- Country of production: United Kingdom
- Date of production: 18 August 1966
- Designer: David Gentleman
- Printer: Harrison & Sons
- Perforation: 14×15
- Commemorates: England's 1966 FIFA World Cup victory
- Face value: 4d

= England Winners stamp =

1966 commemorative stamp

The England Winners stamp was a fourpenny commemorative stamp issued in 1966 to mark England's victory in the 1966 FIFA World Cup. The stamp was issued on the orders of the then Postmaster General Edward Short and created by a new printing of the lowest value of the three British 1966 FIFA World Cup stamps with the words ENGLAND WINNERS added.

==Availability==
The stamp was issued on 18 August 1966 in England, Wales, The Channel Islands and the Isle of Man but not in Scotland or Northern Ireland.
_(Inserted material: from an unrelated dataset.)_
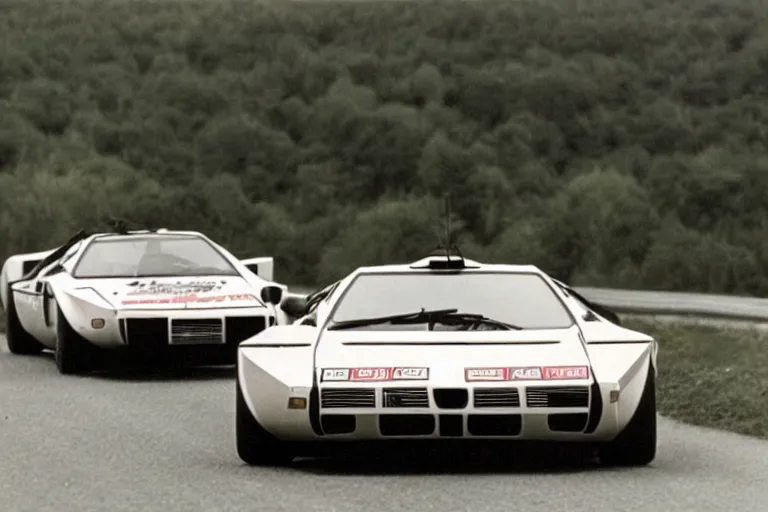 Prompt: ((BMW M1)) Lancia Stratos!!, movie still, speed, cinematic Eastman 5384 film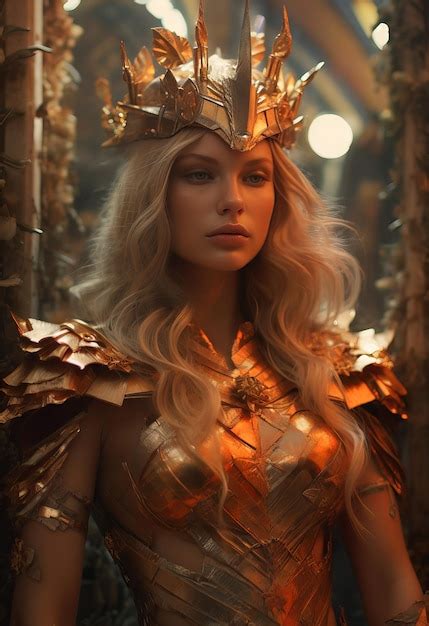 Premium Ai Image A Woman With A Golden Dragon On Her Head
It was available in Scotland from 22 August 1966. Following a question asked in the British Parliament, a government minister explained that while British special stamps (commemorative stamps) were normally available throughout the United Kingdom, the government had felt that "...it was not appropriate for this particular stamp to be put on general sale in other countries which had also competed in this FIFA World Cup." In other words, it would not have been diplomatic to sell a stamp celebrating an English victory in Wales or Scotland whose teams had been knocked out of the competition.

==A speculative bubble==
Stocks of the stamp quickly ran short with queues forming at Post Offices and stamp dealers unable to obtain stock for their customers. A speculative bubble developed with copies of the stamp selling for many times their original cost, and people buying whole sheets of stamps as an investment. The Evening Times in Scotland reported that

It may well be that stamps will turn out to be the investment of 1966. Outstanding example, of course, was last month's issue of the fourpenny England Winners stamp. The price went up to 2s 6d on the day of issue. An eventual price of 15s to £1 is being talked of...
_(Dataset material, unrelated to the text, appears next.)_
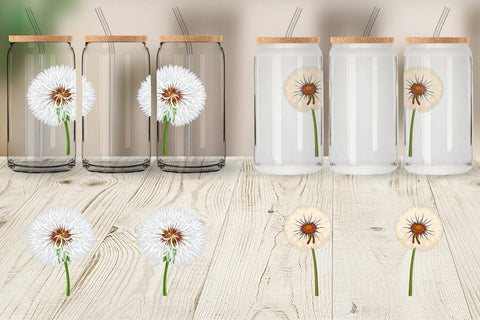 Glass Can Spring Dandelion Sublimation artnoy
Whole sheets of stamps of 120 are still regularly found for sale which are believed to be from stock bought for investment in 1966, and the prices they obtain are much less than the cost on issue, when accounting from inflation. According to James Mackay, a forgery of the stamp exists.

==Technical details==
The stamp was designed by David Gentleman and printed by Harrison & Sons. 12,452,640 stamps were sold. Unlike the original, the new stamp had no phosphor bands. The stamp was printed on chalk-surfaced paper and perforated 14 (horizontal) x 15 (vertical). It had a watermark of Multiple Crowns sideways.

No official presentation pack was produced for this stamp. Privately produced packs exist.

==The 1970 FIFA World Cup==
The British Post Office thought that England might win the 1970 FIFA World Cup too. They did not, but designs for commemorative stamps were prepared by David Gentleman which were re-discovered in 2010.